By Buescher, Kathleen E. | St Louis Post-Dispatch (MO), June 14, 1996 | Go to article overview

Companies Can Help Fill Public-Aid Gap


Buescher, Kathleen E., St Louis Post-Dispatch (MO)


Today's nonprofit organization faces a relentless arithmetic: Federal grants are shrinking or disappearing. Competition is stiff for limited individual, foundation and business gifts.

While the need for services continues to expand, nonprofit service providers must scramble even more aggressively for ever-scarce funding. Founded in 1860, our own nonprofit organization - Provident Counseling - is St. Louis' oldest and largest outpatient mental health agency.

In 1970, grants from the United Way of Greater St. Louis covered almost 75 percent of Provident's annual operating expenses. Today, although the United Way's dollar allocation to Provident continues to rise, the United Way covers only 28 percent of our total operating needs.

Where must nonprofit organizations turn to make up the shortfall? To alliances with local businesses and institutions. Survival for the nonprofit organization depends upon the creative pursuit of private-sector partnerships that allow both the service provider and the company to develop programs that benefit both.

These partnerships can provide needed financial support, expand awareness of the organization's services and reach out to a larger client base.

Let me cite a few examples: In downtown St. Louis, businesses along Locust Street forged a partnership with the Salvation Army Harbor Light Center to pay homeless men to clean up the area. Businesses get cleaner streets. The Salvation Army helps its client base rebuild self-esteem and learn landscaping techniques.

Other businesses have established partnerships with universities to train the next generation of scientists, mathematicians and engineers. The academic institutions gain needed scholarship and cooperative education opportunities; businesses get valuable labor in summer interns and help train future employees.

Nonprofits have even turned to corporate sponsors for help in providing services. For example, the partnership between Girls Incorporated of St. Louis and Edward Jones - a national securities firm - helps students understand the basic hardware and software of personal computers through practical hands-on experience. Professionals from the securities firm volunteer their time to educate young girls through this project. A team of young professionals initiated, planned and executed this project with Girls Incorporated.

Another example of a partnership that helped a nonprofit agency respond to unmet needs is one Grace Hill Neighborhood Services initiated with Boatmen's Bank.

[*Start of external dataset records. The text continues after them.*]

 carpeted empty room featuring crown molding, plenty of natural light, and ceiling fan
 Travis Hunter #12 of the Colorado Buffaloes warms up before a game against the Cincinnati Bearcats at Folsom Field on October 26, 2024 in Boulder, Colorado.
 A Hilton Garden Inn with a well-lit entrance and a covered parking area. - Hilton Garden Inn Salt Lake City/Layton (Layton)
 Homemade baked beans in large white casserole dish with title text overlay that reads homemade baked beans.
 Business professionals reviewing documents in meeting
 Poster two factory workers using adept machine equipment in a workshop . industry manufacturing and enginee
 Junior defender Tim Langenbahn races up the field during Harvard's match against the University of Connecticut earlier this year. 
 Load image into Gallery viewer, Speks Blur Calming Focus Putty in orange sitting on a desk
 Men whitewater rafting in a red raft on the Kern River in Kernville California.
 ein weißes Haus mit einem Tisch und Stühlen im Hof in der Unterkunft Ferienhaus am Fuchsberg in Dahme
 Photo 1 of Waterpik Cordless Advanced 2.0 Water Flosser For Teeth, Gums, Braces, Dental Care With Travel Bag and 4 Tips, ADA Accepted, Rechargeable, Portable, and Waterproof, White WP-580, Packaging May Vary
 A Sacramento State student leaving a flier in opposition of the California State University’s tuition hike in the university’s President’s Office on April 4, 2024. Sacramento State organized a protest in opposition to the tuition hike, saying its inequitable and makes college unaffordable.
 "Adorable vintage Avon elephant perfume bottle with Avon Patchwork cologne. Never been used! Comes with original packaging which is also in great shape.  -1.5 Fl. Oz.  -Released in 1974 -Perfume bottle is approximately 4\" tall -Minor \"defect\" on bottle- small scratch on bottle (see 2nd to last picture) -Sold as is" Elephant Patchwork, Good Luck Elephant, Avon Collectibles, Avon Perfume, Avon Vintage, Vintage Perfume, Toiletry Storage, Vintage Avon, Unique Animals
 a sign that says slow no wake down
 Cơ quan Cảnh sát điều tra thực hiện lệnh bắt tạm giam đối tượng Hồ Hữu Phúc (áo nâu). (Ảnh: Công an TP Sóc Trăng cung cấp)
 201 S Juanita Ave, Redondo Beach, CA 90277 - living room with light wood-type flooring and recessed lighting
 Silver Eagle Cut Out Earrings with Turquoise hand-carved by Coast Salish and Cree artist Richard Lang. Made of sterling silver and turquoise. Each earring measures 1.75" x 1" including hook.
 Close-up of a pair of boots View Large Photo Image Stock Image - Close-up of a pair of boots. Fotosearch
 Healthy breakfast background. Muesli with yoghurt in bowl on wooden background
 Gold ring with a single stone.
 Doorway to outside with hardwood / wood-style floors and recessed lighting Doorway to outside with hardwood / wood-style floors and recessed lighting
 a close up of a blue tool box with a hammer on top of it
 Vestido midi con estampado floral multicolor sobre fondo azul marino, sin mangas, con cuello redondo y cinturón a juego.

Sociologists have found that some low-income people manage money by relying principally on cash - converting entitlement checks into cash or money orders. This exposes them to high money-management costs and robbery. In addition, operating in cash does not encourage savings.

To address these concerns, Boatmen's set up 500 bank accounts for Grace Hill residents. The bank waived fees, installed automated teller machines in the neighborhood and set up direct deposit for entitlement checks into these accounts. …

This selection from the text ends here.